A woman is experiencing a postpartum hemorrhage due to uterine atony. Which risk factor would the nurse recognize as contributory to this specific problem? a). placenta accreta b). multiparity c). preeclampsia d). fetal demise

multiparity Risk factors for postpartum hemorrhage due to uterine atony include many factors, including multiparity. Placenta accreta is associated with placental issues, preeclampsia is seen in disruption of maternal clotting factors, and fetal demise can cause a disruption in maternal clotting factors, but not uterine atony.

Disseminated intravascular coagulation is a life-threatening condition that the nurse recognizes can occur as a complication secondary to which primary conditions? Select all that apply. -severe preeclampsia -isoimmunization -placental abruption (abruptio placentae) -ectopic pregnancy -septicemia

placental abruption (abruptio placentae) severe preeclampsia septicemia DIC is not itself a specific illness; rather it is always a secondary diagnosis that occurs as a complication of placental abruption, anaphylactoid syndrome of pregnancy, intrauterine fetal death with prolonged retention of the fetus, acute fatty liver of pregnancy, severe preeclampsia, HELLP syndrome (hemolysis, elevated liver enzymes, and low platelet count), septicemia, and postpartum hemorrhage.
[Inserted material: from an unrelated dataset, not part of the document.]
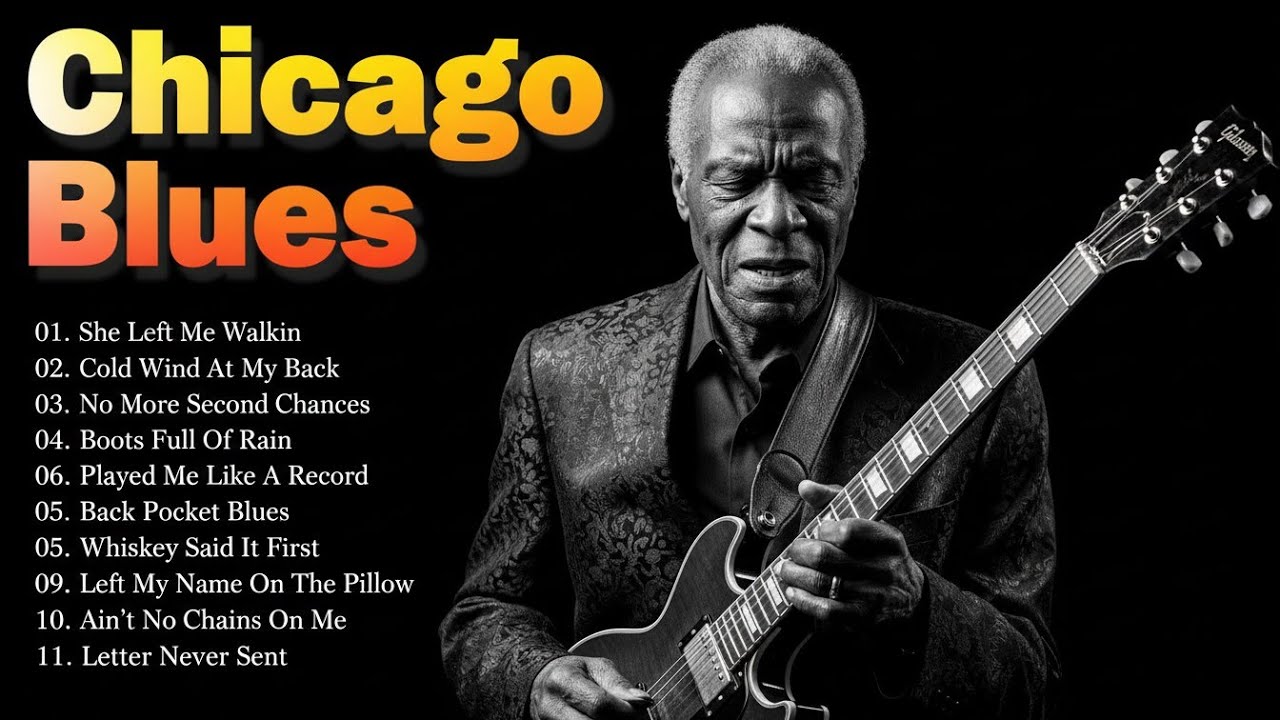 Relaxing Chicago Blues Guitar | Calm Soul Blues Mood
Methylergonovine is prescribed for a woman experiencing postpartum hemorrhage. The nurse monitors the woman closely for which adverse effects? a)headache b)seizures c)uterine hyperstimulation d)flushing

seizures Seizures, hypertension, uterine cramping, nausea, vomiting, and palpitations are adverse effects of methylergonovine. Uterine hyperstimulation is an adverse effect of oxytocin. Flushing and headache are adverse effects of carboprost.

Every postpartum client has the potential of hemorrhage. While assessing a client's status, which finding would be of little benefit in identifying the possibility of hemorrhage? a)vital signs b)uterine tone c)estimated amount of blood loss d)signs of shock

signs of shock Signs of shock do not appear until the hemorrhage is far advanced due to the increased fluid and blood volume of pregnancy. Vital signs would show an increased pulse rate and decreased level of consciousness. The amount of lochia would be much greater than usual, and urinary output would be diminished with signs of acute renal failure. The uterus may also appear soft and spongy instead of firm.
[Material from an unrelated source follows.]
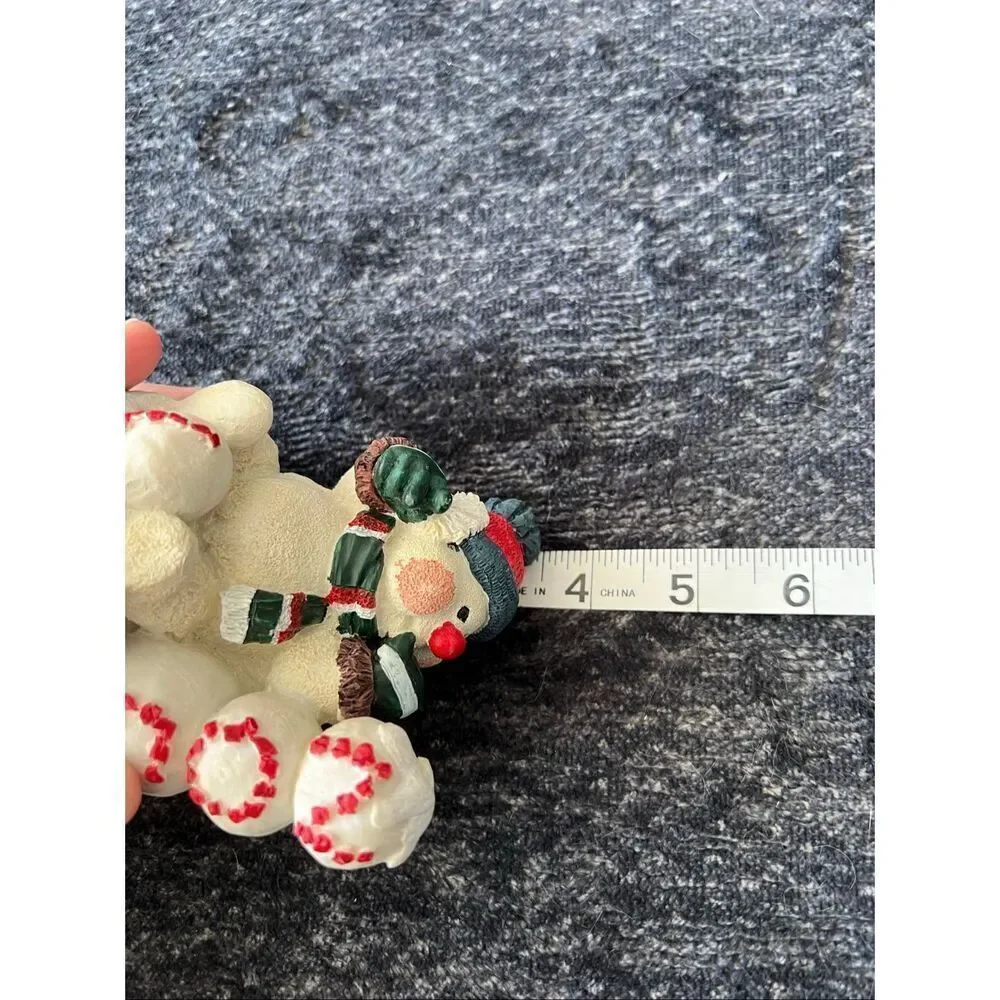Vintage Snowman Figurine with NOEL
A client who gave birth several hours ago is experiencing postpartum hemorrhage. She had a cesarean birth and received deep, general anesthesia. She has a history of postpartum hemorrhage with her previous births. The blood is a dark red. Which cause of the hemorrhage is most likely in this client? a)disseminated intravascular coagulation b)retained placental fragment c)uterine atony d)cervical laceration

uterine atony Uterine atony, or relaxation of the uterus, is the most frequent cause of postpartum hemorrhage; it tends to occur most often in Asian or Hispanic woman. Conditions that contribute to uterine atony include having received deep anesthesia or analgesia and a prior history of postpartum hemorrhage. A cervical laceration is less likely because the blood is dark, not bright red, and bleeding from such a laceration usually occurs immediately after detachment of the placenta. Disseminated intravascular coagulation is typically associated with premature separation of the placenta, a missed early miscarriage, or fetal death, none of which is evident in this scenario. A retained placental fragment is possible, and could contribute to the atony, but there is no evidence for this in the scenario.